Parsnip is a root vegetable related to both carrots and parsley (which helps explain why carrot tops look a lot like parsley and make a great pesto).
Native to Eurasia, the parsnip has been cultivated since Roman times. Sometimes mistaken for a white carrot, the vegetable is similar in looks but is wider at the base and with its own distinct sweet, nutty flavour and slightly spicy characteristic which is hard to beat.
Parsnips’ sweet flavour comes when starch is converted to sugar. This happens in cold weather, preferably when frosts occur, which is why parsnips are best during the colder winter months. They should be smooth, hard and free of soft spots or sprouts, and are best when harvested young so they don’t develop a woody core.
Parsnips can be used in the same ways as carrots, though their flavour is markedly sweeter, especially when cooked. They are a classic ingredient in some chicken broths and soups, and can also be baked, sautéed, steamed, mashed or pureed, roasted, used in stews and fried, like most root vegetables.
Parsnips pair particularly well with other root vegetables like potatoes, carrots, celeriac and turnips. They’re also frequently served with red meat like a pot roast or corned beef but equally delicious with port, duck and venison.

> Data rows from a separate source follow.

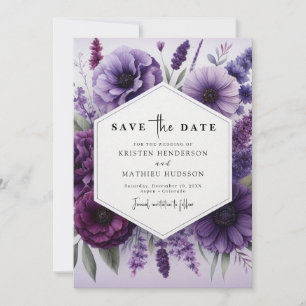Reserve A Data Casamento Floral Roxo das Flores Modernas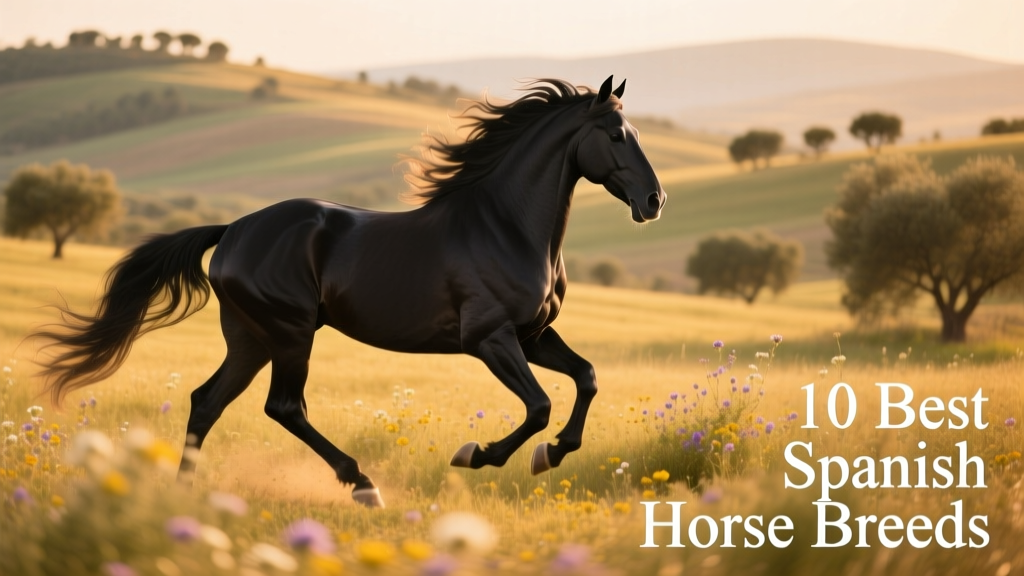Bay Andalusian stallion cantering gracefully in an open field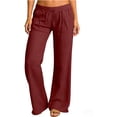thumbnail image 1 of Lumtrix Women's Summer Linen Pants Low Rise Wide Leg Beach Palazzo Pants Casual Drawstring Trousers with Pockets Gray M, 1 of 2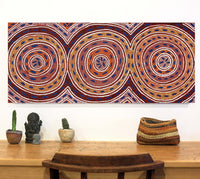 Aboriginal Artwork by Agnes Nampijinpa Fry, Pamapardu Jukurrpa (Flying Ant Dreaming) - Warntu, 107x46cm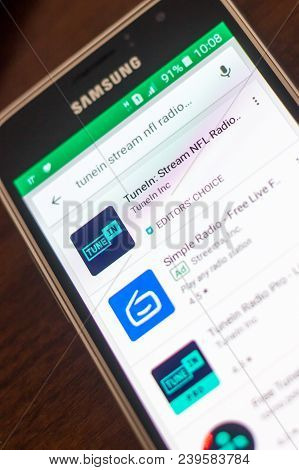 Ryazan, Russia - May 04, 2018: Tunein Icon In The List Of Mobile Apps On The Display Of Cell Phone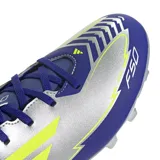 Championes de fútbol Adidas F50 Club FG Messi, unisex, color plateado con detalles en azul y amarillo.
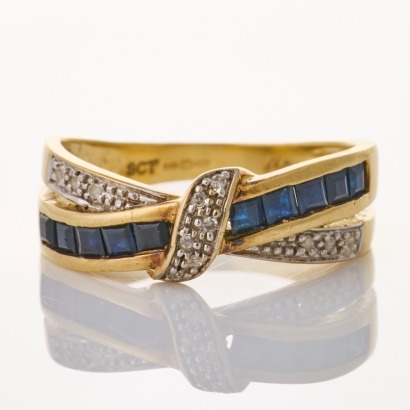 9ct Yellow Gold, Modern, Dark Blue Sapphire / 0.05ct Diamond Dress Ring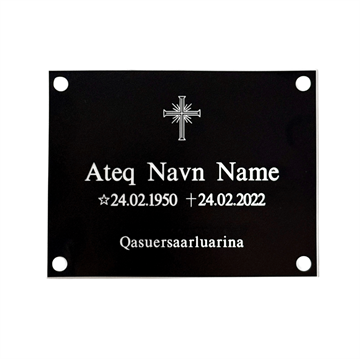 Gravskilt - Plast i Sort 110x85mm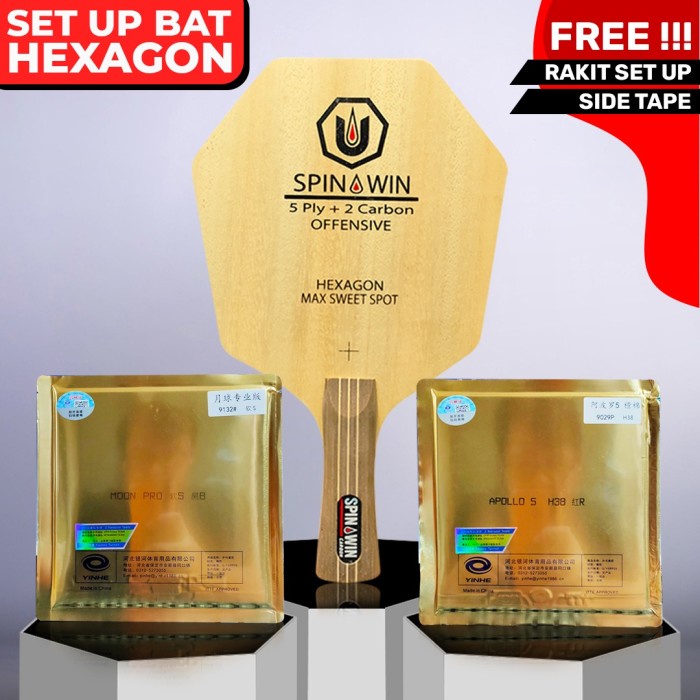 ✨New Ori Setup Tenis Meja Spin Win Hexagon Carbon Yinhe Moon Pro Soft Apollo 5 Terbatas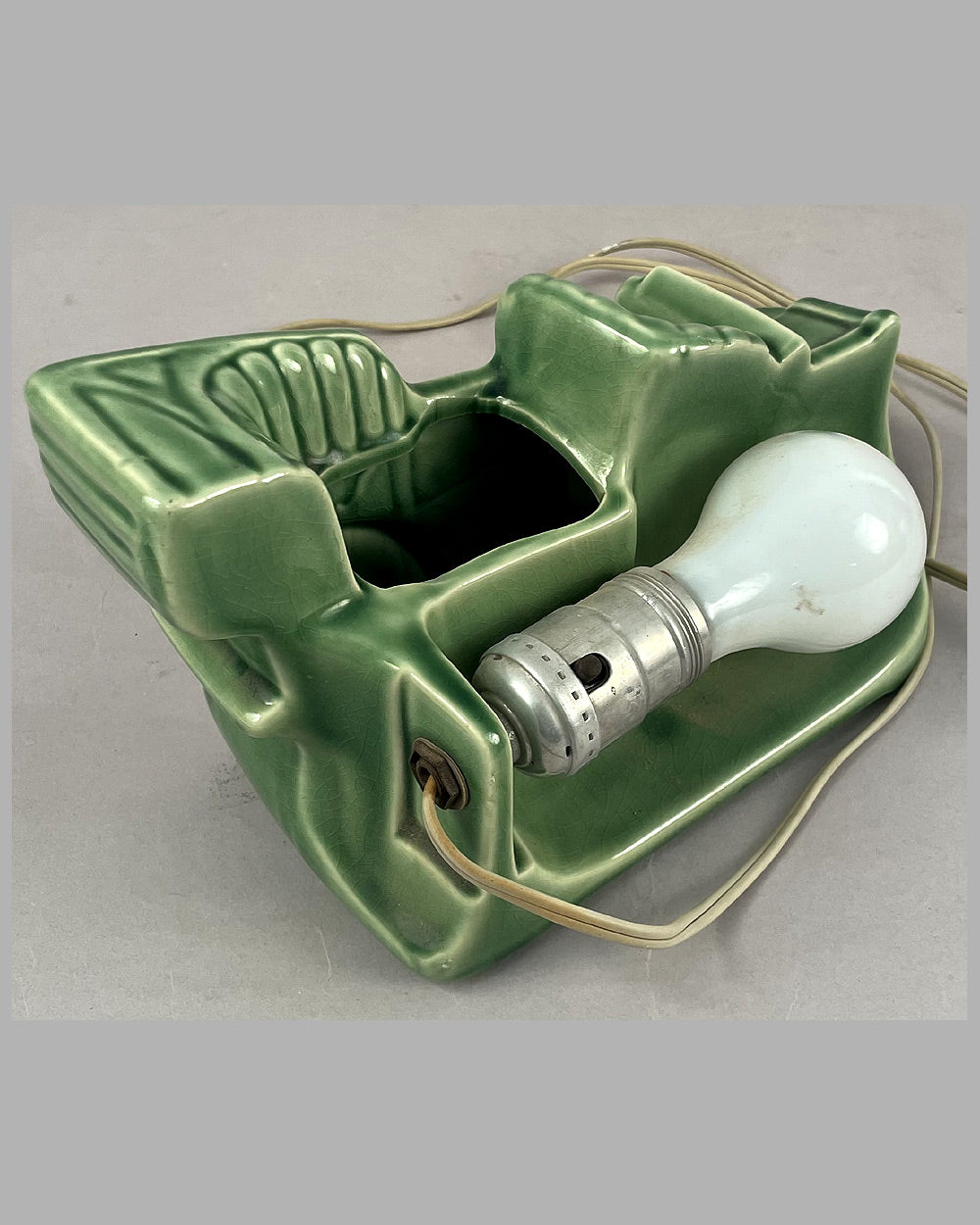 Brass car desk lamp with pen holder by Buckingham Ceramics 3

Enhance their sweetness with honey or maple syrup, and spices like ginger and nutmeg. Complete their nutty flavour with the addition of pecans or walnuts.
Enjoy young parsnips raw in a salad with carrot and apple.
Add some crunch to salads or soups with a garnish of deep-fried ribbons.
Cut parsnips oxidize when exposed to air, similar to an apple. If not using immediately, place cut parsnips in a bowl of water with fresh lemon juice.